Influenced by the design principles of Shanzhai culture, aspiring Mexican art director Maru Hernandez creates Dulce & Guayaba (Spanish for sweet & guava), a fictitious handbag brand, as a means to raise awareness of the mass piracy industry and promote respect for the Mexican’s artisan’s fair trade.
Borrowing design aesthetics from luxury brand Dolce & Gabbana, Dulce & Guayaba refashions its handbags through the lens of its heritage, subverting European design and enhancing them with art of traditional Mexican artisan craftsmanship. 
Mexico holds first place in Latin America for consuming pirated goods and is amongst the 10 countries that most consume piracy in the world. Most of the pirated goods are imported and represent a loss of almost 2 billion dollars a year for the country.
For the most part, the Mexican public does not perceive consuming pirated goods as something negative, especially if it means carrying a recognizable fashion item with big logos and trendy brands, and even pay full price despite the poor quality most of them have.
On the other hand, Mexico is home to an iconic cultural legacy of art and craftsmanship developed throughout the centuries, yet when it comes to purchasing quality traditional goods from local markets or wondering merchants, most people attempt to haggle or bargain the price of the artisan’s craftsmanship, diminishing their work and sometimes even get offended.
The ridiculous irony of this situation became the root of inspiration for Dulce & Guayaba, which seeks to question the unethical practices of consumption in the panorama of our current society.
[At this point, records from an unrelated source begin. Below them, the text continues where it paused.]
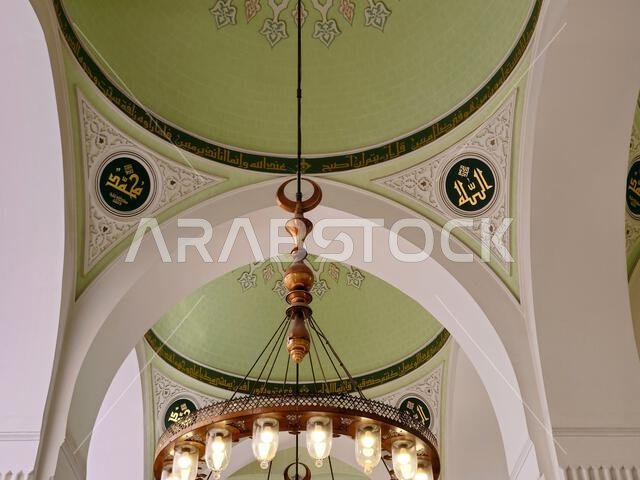 يُعتقد أن مسجد قباء هو أول مسجد في العالم، وقد بُني في اليوم الأول لهجرة النبي محمد صلى الله عليه وسلم إلى المدينة المنورة، حيث كان أول مسجد في العالم. يُعتقد أن مسجد قباء هو أول مسجد في العالم، وقد بُني في اليوم الأول لهجرة النبي محمد صلى الله عليه وسلم إلى المدينة المنورة، حيث كان أول مسجد في العالم.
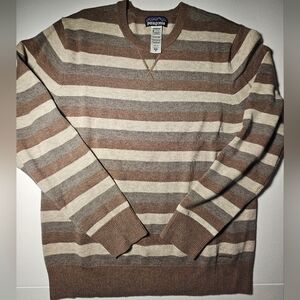 Patagonia Men's Pullover Brown and Cream Crewneck Size Medium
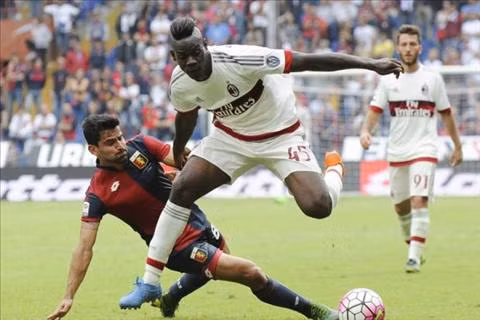  Balotelli đang tìm đường sang Pháp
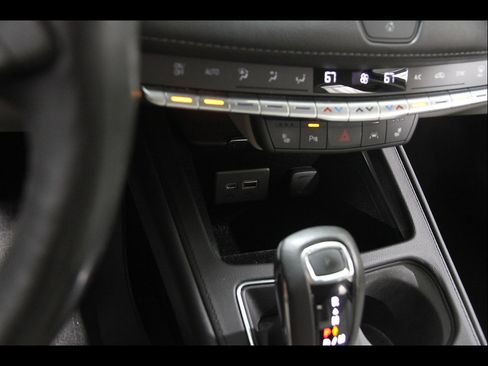 Used 2019 Cadillac XT4 Premium Luxury w/ Cold Weather Package AWD/4WD image 16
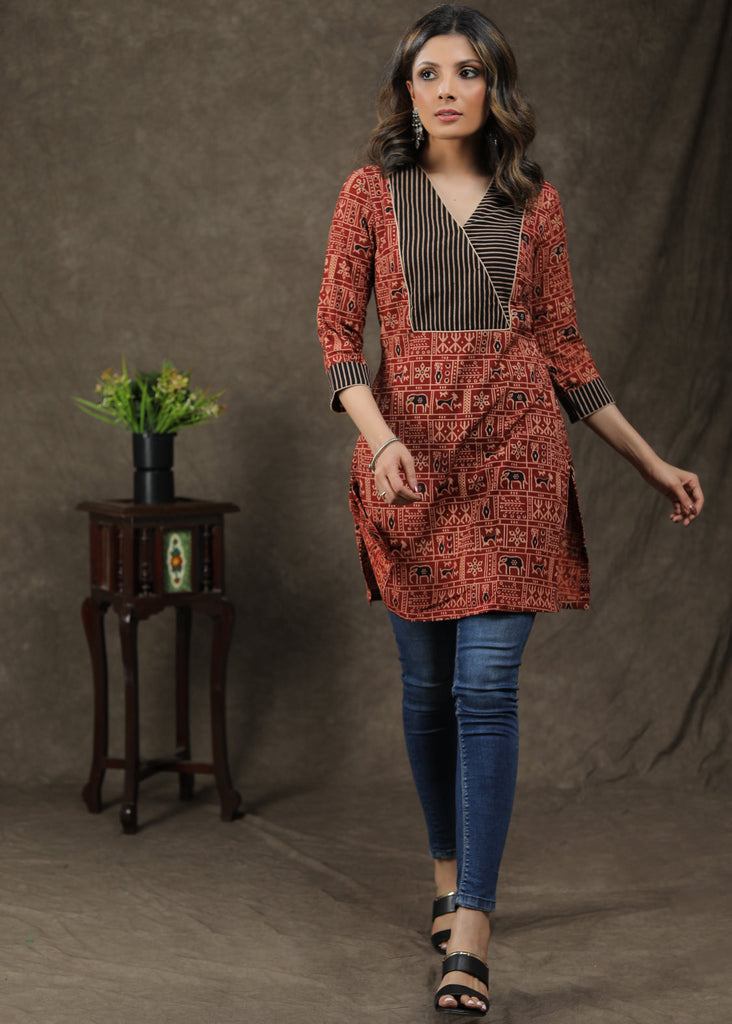 ON-SALE-stylish-cotton-animal-printed-ajrakh-combination-tunic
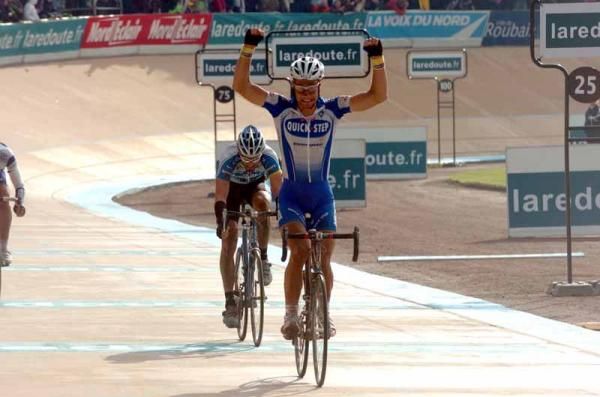 Boonen had the better sprint in Paris-Roubaix in 2005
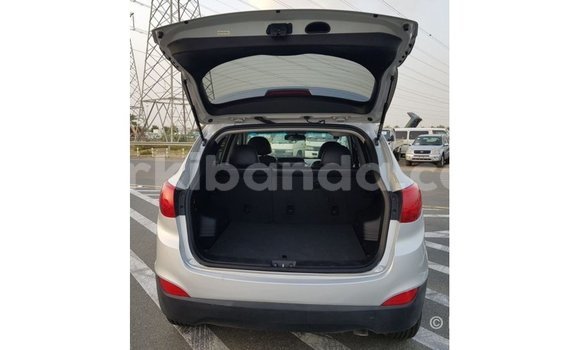 Nunua Imported Hyundai Tucson Nyingine Gari ndani ya Import - Dubai nchini Uganda Nunua Imported Hyundai Tucson Nyingine Gari ndani ya Import - Dubai nchini Uganda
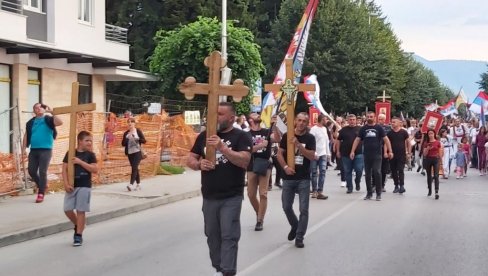 PRIVEDENI ZBOG PODRŠKE BERANCIMA: Ovo su humanitarci iz Beograda i Banjaluke koje je uhapsila crnogorska policija (FOTO)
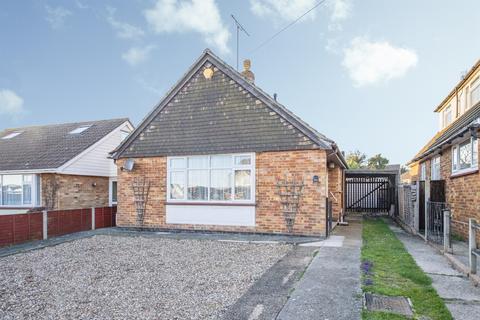3 bed property, in Thorpe Road, £200,000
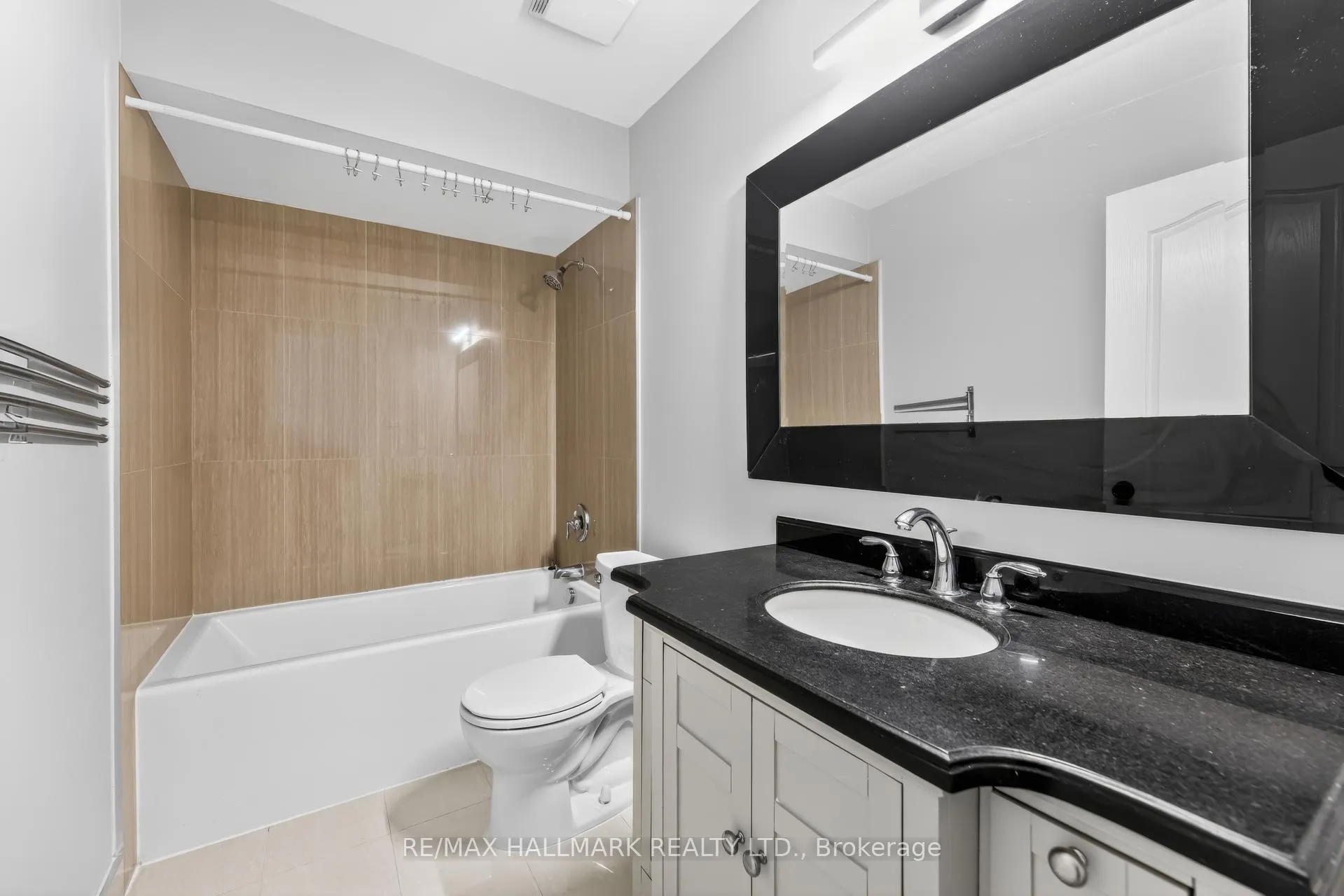 Photo 23 of Unit 39, 180 Blue Willow Drive, Vaughan, East Woodbridge — HOMEH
The handbags present a series of distinctive design interventions showcasing the 5 most iconic crafts representing Mexico: Talavera from the state of Puebla, Beaded Huichol Art from the state of Nayarit, Silver from the state of Guerrero, Embroidery from the state of Oaxaca and Arbol de la Vida (Tree of life) from the state of Mexico. Its goal is to promote respect for the Mexican artisan’s trade and benefit the fair commercialization of their products demonstrating their work is equally as valuable as high-end items in terms of quality, practice and design.